Woodcutters, Thomas Bernhard

I finished Woodcutters just the other night, reading most of it in three sittings. (Actually, I was lying down. And it was very late at night, each time. I couldn’t pick the book up during daylight hours). Anyway, I finished Bernhard’s novel just the other night, so maybe I’ll muster something on it, but for now: I think this may be my favorite Bernhard novel so far! I can only think of a handful of writers so masterful at mimicking the operations of consciousness, of replicating consciousness (and conscience) reflecting on consciousness. (I even had to stop and do a too-hasty read of Ibsen’s play The Wild Duck, a plot point of Woodcutters). What happens in Woodcutters? A man sits in a chair remembering things. It’s fucking amazing.
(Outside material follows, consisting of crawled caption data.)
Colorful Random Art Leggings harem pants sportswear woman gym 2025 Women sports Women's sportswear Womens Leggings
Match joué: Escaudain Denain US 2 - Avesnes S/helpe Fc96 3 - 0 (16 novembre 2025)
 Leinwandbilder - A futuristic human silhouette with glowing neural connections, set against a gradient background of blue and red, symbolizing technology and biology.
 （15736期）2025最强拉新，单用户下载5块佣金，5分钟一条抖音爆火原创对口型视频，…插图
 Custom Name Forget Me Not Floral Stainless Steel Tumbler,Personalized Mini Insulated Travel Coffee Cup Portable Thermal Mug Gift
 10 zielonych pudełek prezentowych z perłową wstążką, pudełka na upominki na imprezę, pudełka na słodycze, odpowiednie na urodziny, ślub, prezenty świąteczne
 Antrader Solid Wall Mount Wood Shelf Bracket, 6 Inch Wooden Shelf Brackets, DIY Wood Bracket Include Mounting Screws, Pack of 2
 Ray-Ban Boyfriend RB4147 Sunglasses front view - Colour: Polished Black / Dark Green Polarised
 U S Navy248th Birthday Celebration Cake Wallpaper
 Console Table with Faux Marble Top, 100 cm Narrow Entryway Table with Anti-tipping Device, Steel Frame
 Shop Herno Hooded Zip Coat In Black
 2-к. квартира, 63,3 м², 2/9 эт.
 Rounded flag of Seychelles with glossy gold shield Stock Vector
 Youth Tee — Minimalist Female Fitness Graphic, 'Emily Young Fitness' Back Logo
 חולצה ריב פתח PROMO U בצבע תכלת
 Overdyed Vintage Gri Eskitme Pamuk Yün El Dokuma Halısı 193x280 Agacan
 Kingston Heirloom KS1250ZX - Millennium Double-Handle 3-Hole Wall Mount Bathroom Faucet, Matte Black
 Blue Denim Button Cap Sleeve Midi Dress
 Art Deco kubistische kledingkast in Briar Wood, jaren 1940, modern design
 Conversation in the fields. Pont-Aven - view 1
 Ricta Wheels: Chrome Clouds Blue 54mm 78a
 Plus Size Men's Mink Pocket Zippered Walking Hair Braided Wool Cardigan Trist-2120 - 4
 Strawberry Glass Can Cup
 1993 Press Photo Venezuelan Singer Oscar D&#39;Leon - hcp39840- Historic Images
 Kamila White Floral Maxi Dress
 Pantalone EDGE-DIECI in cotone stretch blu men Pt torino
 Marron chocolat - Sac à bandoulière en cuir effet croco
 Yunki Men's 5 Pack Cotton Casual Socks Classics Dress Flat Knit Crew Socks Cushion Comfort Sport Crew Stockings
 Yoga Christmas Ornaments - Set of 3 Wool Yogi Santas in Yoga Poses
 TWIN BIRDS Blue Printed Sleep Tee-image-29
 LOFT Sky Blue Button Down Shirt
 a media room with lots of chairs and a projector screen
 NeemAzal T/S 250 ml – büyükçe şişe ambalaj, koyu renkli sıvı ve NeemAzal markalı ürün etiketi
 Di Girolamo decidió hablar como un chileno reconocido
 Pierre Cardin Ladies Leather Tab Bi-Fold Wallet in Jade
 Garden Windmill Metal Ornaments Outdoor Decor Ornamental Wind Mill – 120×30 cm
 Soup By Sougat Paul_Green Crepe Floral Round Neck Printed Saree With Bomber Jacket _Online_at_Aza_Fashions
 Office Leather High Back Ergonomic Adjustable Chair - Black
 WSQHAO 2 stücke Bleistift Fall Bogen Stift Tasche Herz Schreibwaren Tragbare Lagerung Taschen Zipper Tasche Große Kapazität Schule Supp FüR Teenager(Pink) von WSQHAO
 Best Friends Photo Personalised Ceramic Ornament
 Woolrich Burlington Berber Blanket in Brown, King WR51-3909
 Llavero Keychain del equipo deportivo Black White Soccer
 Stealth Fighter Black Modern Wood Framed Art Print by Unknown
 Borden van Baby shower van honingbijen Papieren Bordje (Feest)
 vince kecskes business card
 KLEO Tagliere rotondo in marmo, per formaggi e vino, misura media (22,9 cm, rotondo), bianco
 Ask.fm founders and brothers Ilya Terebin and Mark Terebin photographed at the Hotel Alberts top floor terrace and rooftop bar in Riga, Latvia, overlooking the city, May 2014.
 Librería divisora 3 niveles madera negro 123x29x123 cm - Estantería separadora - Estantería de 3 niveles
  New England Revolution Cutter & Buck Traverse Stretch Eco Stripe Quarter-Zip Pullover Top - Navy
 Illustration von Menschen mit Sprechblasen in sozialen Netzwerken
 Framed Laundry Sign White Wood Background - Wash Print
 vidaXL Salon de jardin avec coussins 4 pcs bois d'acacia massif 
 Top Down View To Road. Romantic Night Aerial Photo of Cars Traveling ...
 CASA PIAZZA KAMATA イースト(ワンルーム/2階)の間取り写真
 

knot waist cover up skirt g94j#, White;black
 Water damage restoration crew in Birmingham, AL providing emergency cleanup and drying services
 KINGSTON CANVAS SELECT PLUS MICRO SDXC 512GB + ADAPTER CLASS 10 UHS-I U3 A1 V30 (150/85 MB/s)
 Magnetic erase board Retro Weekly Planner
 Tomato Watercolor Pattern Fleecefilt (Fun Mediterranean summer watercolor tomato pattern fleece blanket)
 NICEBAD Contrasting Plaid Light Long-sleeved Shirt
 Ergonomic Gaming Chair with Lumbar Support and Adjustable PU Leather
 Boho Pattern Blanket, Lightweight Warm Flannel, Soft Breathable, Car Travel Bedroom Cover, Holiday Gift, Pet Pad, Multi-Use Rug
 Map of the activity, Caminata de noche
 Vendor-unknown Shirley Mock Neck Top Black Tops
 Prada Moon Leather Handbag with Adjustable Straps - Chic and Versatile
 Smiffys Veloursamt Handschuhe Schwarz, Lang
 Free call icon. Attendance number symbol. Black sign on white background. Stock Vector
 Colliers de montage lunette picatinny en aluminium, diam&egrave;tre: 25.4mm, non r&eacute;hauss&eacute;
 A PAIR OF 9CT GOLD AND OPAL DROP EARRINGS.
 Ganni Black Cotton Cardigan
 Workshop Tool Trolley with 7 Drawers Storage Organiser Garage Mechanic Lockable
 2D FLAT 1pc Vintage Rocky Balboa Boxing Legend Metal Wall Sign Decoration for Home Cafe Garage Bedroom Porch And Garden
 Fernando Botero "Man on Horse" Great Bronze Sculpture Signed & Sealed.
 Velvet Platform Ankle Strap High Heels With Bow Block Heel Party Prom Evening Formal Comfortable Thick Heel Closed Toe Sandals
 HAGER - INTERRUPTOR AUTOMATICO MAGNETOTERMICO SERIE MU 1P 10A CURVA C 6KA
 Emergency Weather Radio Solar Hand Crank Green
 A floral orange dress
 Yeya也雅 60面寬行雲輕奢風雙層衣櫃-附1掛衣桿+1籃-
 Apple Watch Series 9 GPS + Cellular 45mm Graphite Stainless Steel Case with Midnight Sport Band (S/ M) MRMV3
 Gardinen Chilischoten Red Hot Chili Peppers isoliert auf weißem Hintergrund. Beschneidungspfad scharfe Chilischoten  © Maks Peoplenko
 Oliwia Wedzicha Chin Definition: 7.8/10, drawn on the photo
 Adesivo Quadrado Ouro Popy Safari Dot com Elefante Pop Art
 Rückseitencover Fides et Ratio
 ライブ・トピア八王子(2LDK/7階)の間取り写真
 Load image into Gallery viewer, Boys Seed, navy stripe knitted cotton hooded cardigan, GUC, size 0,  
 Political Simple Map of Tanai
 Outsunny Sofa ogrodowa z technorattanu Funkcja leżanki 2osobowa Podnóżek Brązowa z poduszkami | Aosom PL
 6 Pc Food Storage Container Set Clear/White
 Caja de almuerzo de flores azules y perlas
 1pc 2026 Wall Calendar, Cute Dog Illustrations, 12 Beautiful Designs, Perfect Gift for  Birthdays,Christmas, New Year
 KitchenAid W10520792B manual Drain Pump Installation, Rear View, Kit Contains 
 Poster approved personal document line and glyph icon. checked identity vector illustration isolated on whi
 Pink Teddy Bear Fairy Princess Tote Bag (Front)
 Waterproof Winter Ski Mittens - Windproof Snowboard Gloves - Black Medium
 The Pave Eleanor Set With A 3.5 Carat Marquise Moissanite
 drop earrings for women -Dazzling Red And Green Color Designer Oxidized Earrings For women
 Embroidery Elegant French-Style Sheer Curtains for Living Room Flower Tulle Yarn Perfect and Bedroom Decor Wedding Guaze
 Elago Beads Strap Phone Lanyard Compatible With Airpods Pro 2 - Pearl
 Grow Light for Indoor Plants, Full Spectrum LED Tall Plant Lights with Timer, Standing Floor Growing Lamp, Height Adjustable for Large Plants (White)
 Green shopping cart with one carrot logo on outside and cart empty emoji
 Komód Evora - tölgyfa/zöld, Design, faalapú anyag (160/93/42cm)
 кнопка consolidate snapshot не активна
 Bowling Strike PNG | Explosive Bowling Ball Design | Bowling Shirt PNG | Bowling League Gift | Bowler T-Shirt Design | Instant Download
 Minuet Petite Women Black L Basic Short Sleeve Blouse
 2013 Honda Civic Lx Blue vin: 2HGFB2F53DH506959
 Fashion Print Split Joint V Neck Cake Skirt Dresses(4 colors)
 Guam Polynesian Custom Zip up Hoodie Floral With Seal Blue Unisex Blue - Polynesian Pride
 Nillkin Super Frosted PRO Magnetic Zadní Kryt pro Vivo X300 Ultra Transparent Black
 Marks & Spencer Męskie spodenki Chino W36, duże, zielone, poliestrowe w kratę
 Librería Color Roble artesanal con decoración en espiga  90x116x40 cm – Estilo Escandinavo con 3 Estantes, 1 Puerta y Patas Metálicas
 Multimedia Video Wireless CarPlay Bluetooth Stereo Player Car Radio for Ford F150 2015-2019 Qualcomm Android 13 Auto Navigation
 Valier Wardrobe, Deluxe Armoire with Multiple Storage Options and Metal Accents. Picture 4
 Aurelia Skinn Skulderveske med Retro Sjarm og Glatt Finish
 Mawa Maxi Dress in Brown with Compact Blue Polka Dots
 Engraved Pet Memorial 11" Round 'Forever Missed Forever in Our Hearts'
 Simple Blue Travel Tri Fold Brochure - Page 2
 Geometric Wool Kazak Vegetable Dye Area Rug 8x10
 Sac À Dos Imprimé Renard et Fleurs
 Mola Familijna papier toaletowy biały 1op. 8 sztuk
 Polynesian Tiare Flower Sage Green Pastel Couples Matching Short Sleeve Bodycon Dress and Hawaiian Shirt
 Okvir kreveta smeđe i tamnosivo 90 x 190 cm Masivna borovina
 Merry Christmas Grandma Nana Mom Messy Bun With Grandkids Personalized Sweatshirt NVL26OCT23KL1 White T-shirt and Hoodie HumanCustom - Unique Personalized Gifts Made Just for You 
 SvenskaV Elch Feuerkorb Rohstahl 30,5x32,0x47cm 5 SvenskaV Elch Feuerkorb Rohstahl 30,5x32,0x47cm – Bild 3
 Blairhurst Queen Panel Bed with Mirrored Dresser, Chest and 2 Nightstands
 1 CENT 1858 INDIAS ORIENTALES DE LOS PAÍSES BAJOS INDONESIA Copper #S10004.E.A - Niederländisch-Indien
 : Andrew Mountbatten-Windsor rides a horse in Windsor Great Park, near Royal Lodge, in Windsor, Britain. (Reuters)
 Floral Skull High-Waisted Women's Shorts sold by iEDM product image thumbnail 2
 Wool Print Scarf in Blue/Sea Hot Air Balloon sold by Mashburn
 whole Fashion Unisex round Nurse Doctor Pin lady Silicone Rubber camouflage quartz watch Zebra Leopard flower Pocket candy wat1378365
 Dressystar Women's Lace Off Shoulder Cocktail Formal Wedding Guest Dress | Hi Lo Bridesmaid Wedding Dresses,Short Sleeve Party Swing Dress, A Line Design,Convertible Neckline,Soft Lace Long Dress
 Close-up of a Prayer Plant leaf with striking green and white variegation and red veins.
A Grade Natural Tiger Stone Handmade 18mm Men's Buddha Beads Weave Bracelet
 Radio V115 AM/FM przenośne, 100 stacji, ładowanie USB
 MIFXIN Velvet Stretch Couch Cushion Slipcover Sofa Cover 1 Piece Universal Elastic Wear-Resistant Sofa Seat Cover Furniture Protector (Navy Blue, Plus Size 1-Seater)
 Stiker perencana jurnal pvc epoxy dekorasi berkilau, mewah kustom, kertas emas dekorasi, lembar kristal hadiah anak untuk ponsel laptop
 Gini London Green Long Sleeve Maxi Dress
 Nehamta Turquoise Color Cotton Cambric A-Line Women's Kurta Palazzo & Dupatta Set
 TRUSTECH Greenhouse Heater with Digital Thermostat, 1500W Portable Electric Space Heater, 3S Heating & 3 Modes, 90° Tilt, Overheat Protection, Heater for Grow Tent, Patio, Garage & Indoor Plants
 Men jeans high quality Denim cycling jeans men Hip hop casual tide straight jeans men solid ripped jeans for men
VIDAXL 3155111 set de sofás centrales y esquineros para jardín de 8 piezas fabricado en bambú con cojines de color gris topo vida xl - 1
White Mythology, W.D. Clarke

White Mythology is comprised of two novellas, Skinner Boxed and Love’s Alchemy. The first and longer novella, Skinner Boxed, takes place over a few days in the life of a psychiatrist; it’s a zany zagging yarn, crowded with MacGuffins and red herrings (a missing wife, a bastard son, a new anti-depressant drug, etc.). Oh, and it’s a Christmas story! Did I mention that? (Skinner Boxed takes its epigram from A Christmas Carol…and another from Gravity’s Rainbow). Love’s Alchemy is a kind of time-arrangement, or locale-arrangement—a story in pieces that the reader has to assemble. I enjoyed White Mythology (especially Skinner Boxed, which, typing this out, I realize I’d like to read again).

The Dick Gibson Show, Stanley Elkin

The Franchiser, Stanley Elkin

Somehow I’d made it to 2016 without reading Elkin. I read these two back-to-back. The best parts of The Dick Gibson show are as good as anything any of those other big postmodern dudes have written. (Okay. If not as good, nearly as good). I didn’t review The Dick Gibson Show because Elkin basically did it for me in his Paris Review interview. The Franchiser is a comic tragedy—or do I mean tragic comedy? It does all that inversion stuff: high-low/low-high. A novel of things and colors, both mythic and predictive, The Franchiser feels simultaneously ahead of its time and yet still very much bound to the 1970s, when it was first published.

Bear, Marian Engel

This slim novel is somehow simultaneously lucid and surreal, conventional and bizarre, romantic and ironic, heady and dry. And wet. A bibliographer travels to a remote island in Ontario to index an old library. I’m going to read this one again.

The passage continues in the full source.